Principle:Bentoml BentoML Service Class Definition
| Knowledge Sources | |
|---|---|
| Domains | |
| Last Updated | 2026-02-13 15:00 GMT |
Overview
A design pattern for defining ML model serving endpoints as decorated Python classes. In BentoML, a service is a plain Python class transformed into a production-grade serving component via the @bentoml.service decorator, which adds HTTP/gRPC endpoint registration, resource configuration, and lifecycle management.
Description
Service class definition in BentoML is centered on the decorator pattern: the @bentoml.service decorator wraps a user-authored Python class in a Service[T] instance.
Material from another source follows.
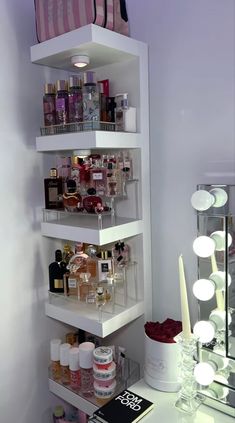 a white shelf filled with lots of cosmetics and other personal care items next to a mirror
This wrapper is responsible for:
- Endpoint registration -- methods decorated with
@bentoml.apibecome HTTP (or gRPC) endpoints with automatic request/response serialization. - Resource configuration -- CPU, memory, GPU, and concurrency limits are specified as keyword arguments to the decorator and enforced at runtime.
- Lifecycle management -- the class
__init__method runs once per worker process at startup, making it the natural place to load models and initialize expensive resources. - Dependency composition -- services can depend on other services, forming a directed acyclic graph that BentoML orchestrates across separate worker pools.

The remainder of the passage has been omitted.